If one is lucky, the native form of information on one side of the boundary can be used as the portable form on the other. For example, suppose we are sending a UNIX database to an NT workstation. If there are many NT stations and few UNIX servers, it makes sense for the database to get translated once on the UNIX server, then propagated to all the NT stations in native form.

Scaling DISTR

DISTR's distribution algorithm can also be adapted to update large networks in minimal time by a relatively simple modification. If servers are linked by DISTR, and each server has both import and and export specifications for each file being distributed, one can configure each server to export whatever it imports by writing

import.afterSuccess = sub {
  some('export.initiate');
};
The export.initiate method causes the server to invoke the appropriate import on other servers previously listed as clients of this one. Then, if configurations of servers are arranged so that one server updates all others, each server will independently update all its clients.

One must of course take care to insure that this distribution process does not create an infinite loop, either by design of the distribution topology or by insuring that loops otherwise terminate. E.g., one can prevent loops by insuring that import.needed aborts the exporting process when trying to update a file that is already up to date, as in RDIST. As with any recursive propagation technique, failure to insure this carefully can result in a network storm and network overload.
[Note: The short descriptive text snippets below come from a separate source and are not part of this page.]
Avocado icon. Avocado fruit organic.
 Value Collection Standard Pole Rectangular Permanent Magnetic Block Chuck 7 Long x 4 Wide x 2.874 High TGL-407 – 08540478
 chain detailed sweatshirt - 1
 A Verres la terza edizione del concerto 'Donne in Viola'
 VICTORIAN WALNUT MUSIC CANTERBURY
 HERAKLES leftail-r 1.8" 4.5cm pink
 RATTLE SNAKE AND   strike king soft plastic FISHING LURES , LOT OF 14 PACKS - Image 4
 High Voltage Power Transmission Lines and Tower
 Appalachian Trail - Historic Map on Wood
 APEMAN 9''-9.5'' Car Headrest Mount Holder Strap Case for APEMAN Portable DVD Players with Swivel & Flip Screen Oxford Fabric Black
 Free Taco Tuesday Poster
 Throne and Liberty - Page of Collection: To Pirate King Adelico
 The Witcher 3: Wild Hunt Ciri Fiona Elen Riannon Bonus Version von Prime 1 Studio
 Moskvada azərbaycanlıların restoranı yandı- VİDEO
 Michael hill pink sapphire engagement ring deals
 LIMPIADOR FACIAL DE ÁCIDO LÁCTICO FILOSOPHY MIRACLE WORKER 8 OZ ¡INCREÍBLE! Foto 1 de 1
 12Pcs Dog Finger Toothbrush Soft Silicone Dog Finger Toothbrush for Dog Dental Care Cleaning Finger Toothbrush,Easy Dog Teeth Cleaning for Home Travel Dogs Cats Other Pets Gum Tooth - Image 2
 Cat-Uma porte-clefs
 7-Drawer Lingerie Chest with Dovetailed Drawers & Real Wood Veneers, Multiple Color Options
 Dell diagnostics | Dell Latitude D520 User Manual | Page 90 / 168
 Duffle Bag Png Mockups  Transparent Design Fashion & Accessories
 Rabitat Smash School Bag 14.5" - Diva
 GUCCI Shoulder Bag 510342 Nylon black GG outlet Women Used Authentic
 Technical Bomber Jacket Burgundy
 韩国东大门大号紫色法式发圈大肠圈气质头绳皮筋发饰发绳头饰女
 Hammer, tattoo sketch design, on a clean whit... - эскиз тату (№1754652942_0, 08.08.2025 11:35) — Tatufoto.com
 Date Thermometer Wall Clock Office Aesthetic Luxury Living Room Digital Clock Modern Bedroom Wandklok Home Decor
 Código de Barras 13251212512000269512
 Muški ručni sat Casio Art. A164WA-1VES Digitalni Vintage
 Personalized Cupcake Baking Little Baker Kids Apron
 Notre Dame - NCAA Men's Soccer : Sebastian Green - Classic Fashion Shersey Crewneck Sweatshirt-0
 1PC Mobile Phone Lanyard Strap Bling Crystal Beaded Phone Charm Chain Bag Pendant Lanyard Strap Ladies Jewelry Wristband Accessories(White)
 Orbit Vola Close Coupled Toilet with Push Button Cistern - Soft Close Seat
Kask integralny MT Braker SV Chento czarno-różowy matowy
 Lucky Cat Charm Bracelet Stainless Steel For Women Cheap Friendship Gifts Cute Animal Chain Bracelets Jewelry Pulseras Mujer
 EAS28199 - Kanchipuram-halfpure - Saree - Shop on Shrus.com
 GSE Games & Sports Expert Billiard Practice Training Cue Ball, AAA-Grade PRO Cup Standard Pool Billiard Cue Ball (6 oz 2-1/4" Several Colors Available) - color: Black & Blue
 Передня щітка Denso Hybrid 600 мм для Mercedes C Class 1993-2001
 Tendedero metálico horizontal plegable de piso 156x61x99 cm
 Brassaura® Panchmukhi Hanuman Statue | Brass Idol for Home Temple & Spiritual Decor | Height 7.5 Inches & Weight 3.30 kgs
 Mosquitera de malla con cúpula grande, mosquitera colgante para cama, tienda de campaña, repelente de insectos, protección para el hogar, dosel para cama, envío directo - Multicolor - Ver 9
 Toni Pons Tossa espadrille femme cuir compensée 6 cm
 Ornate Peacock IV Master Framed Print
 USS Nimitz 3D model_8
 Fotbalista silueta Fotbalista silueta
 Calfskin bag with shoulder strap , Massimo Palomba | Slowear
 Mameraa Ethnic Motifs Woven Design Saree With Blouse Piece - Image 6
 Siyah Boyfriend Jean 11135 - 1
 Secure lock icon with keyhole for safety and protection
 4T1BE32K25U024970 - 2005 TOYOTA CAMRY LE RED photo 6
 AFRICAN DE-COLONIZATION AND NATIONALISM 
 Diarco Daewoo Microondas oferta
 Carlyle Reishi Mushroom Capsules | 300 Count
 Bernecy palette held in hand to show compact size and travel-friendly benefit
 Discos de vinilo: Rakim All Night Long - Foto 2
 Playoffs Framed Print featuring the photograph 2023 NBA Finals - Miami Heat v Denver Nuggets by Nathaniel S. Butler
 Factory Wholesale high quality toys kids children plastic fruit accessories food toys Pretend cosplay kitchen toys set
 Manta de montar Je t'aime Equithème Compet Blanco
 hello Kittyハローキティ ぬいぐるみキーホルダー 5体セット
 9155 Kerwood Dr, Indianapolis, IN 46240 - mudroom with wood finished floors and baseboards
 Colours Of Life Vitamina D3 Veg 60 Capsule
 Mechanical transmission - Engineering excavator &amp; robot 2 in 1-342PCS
A safer scalable approach, though somewhat strange in semantics, is to write:

export.before = sub {
    some('import.initiate');
};
This causes servers exporting a file to synchronize with their servers before exporting it, so that the file gets propagated from some master server all the way down to the client. However, this can also cause version skews on the network. A request from a client causes a chained update of a path of servers between it and the master server, leaving other servers away from the path alone, even if they require updating. This causes unpredictable version skews in server configurations if the servers use the file in their running configurations. The technique is entirely safe, however, if version skews are acceptable at leaf nodes, and if servers do not utilize distributed files in their own configurations. This is the case, e.g., in microcomputer networks where users are responsible for initiating their own updates.

Scaling Vulnerabilities

The security issues discussed above are even more important when DISTR is configured to broadcast files to a network. RDIST-like host-based authentication is vulnerable to spoofing attacks. DISTR's PGP authentication for imported files provides little help due to its vulnerability to replay attacks. A devious person can use these techniques to compromise a network configured for recursive propagation of files.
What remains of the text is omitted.